■ Your assignment
Down to the last line below, write out every line exactly, starting with the one that contains "Chrome and Glass Mid Century Table" and leaving out the pictures.

■ Information provided
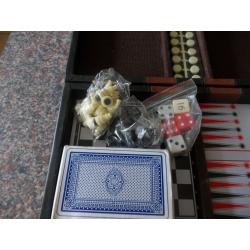 Travel set Backgammon chess cribbage dominoes and checkers good condition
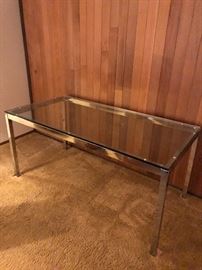 Chrome and Glass Mid Century Table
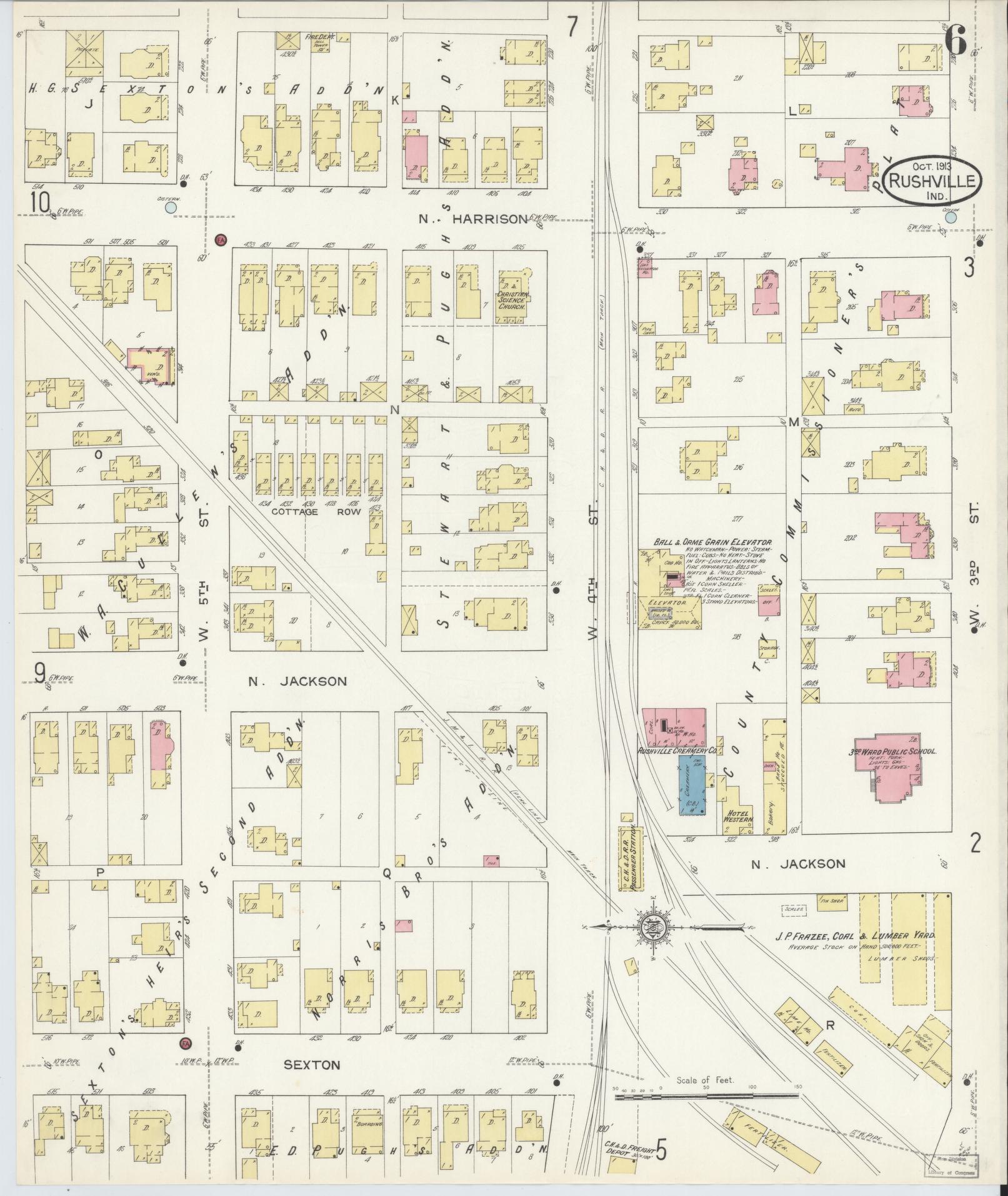 Sanborn Fire Insurance Map from Rushville, Rush County, Indiana (1913), Sheet #0006 - Historic Sanborn Fire Insurance Map Print, vintage old map wall art, antique decor, genealogy gift, Indiana Indiana map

■ Solution for this problem
 Chrome and Glass Mid Century Table
 Sanborn Fire Insurance Map from Rushville, Rush County, Indiana (1913), Sheet #0006 - Historic Sanborn Fire Insurance Map Print, vintage old map wall art, antique decor, genealogy gift, Indiana Indiana map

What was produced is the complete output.